Sin embargo, el misterio no se limita a solo a este hallazgo. Una puerta ligera y fácil de abrir nos conduce al pasado medieval de la casa particular de los propietarios del hotel: la Casa Laporta. Toneladas de escombros se han desechado para poder recuperar la estructura de varias casas judías que hoy forman parte de un mismo conjunto. Recorriendo la estancia se percibe la densidad del pasado histórico del lugar, y se puede llegar a apreciar con un poco de imaginacion la liviana cotidianidad de los judíos que habitaron aquellas pequeñas residencias. Por lo general, las casas del Call contaban con ventanas muy pequeñas (o directamente tapiadas), suelos de guijarros y cantos rodados, así como un aspecto exterior humilde que en ocasiones escondía una suntuosidad interior insospechada. Dentro de la Casa Laporta se puede apreciar “un sótano con las estructuras medievales de un cruce de callejuelas del Call, en las cuales se abrieron en su día las puertas de casas de judíos”, según afirman los investigadores. En las antiguas puertas aún se distinguen los cincelados para la colocación de la mezuzá en su lugar original. En nuestro recorrido descubriremos también el lugar donde comían los animales y el mercado que agitaba las mañanas.

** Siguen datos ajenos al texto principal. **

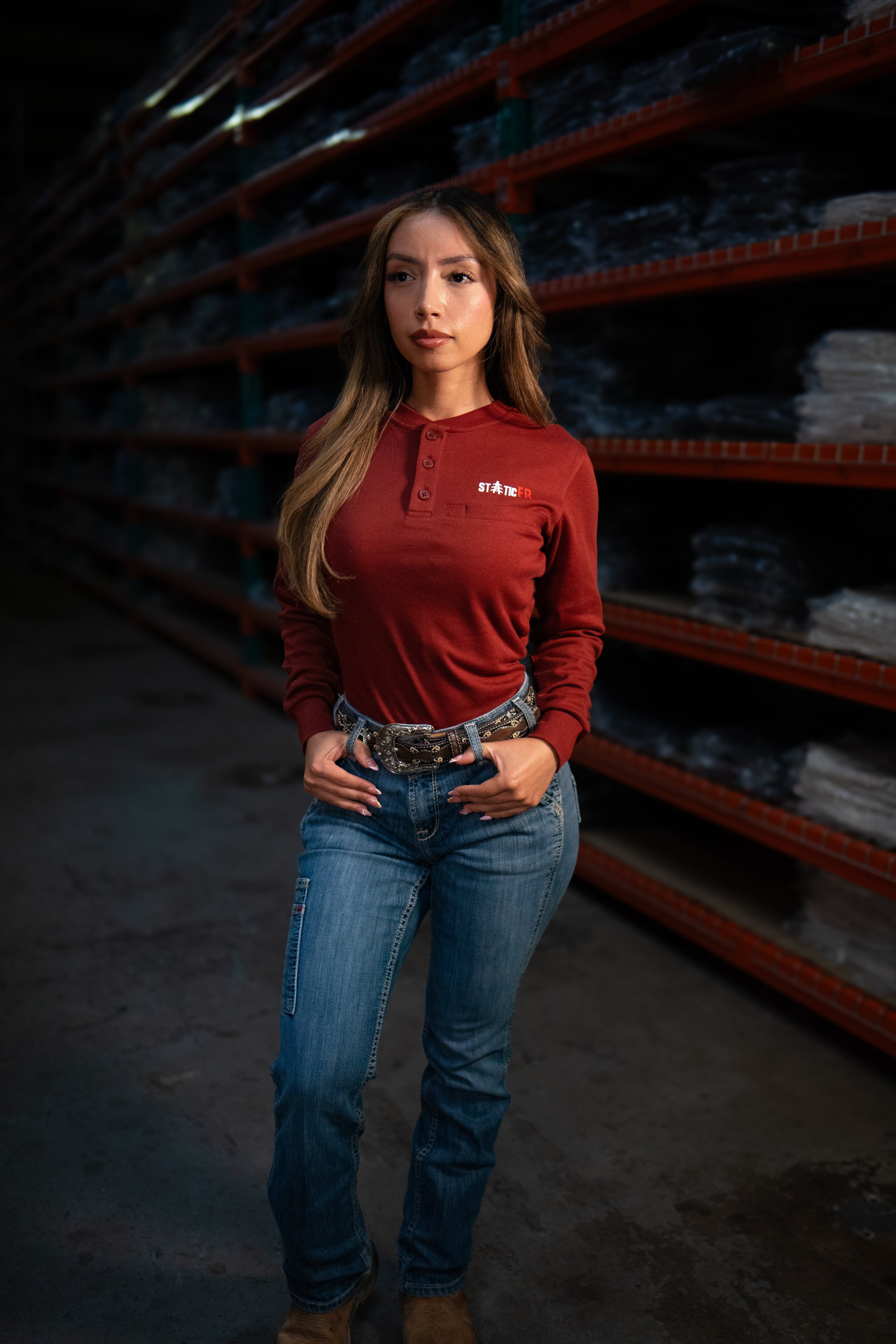 Henley FR de 3 botones para mujer - Rojo vino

Todo está allí detenido en el tiempo, murmurando en nuestros oídos los ecos del pasado. Pasadizos, huellas de antiguas escaleras, y una ventana en la que imaginamos a una joven judía enamorada, susurrando frases melancólicas a su amado en el balcón. (¿Tal vez él era pobre y ella rica?). La fantasía se dispara caminando dentro de aquellos antiguos hogares en el corazón del Call. Quizás los propietarios de aquellas casas recibieran entre sus paredes a personajes como el cabalista Bonastruc Ça Porta (Nahmánides), Jacob ben Sheshet o Ezra de Gerona, o quizás no; pero lo que si es seguro, es que si esas paredes hablasen, serían una fuente inagotable de conocimiento, de tradición, de historia. Y lo mejor de todo, ahora al alcance de nuestras manos.

Recomendación

Durante la semana de Flors du Temps, la Casa Laporta escenifica en su recinto el amueblado y los objetos de una típica casa judía medieval. ¡Visita obligatoria!.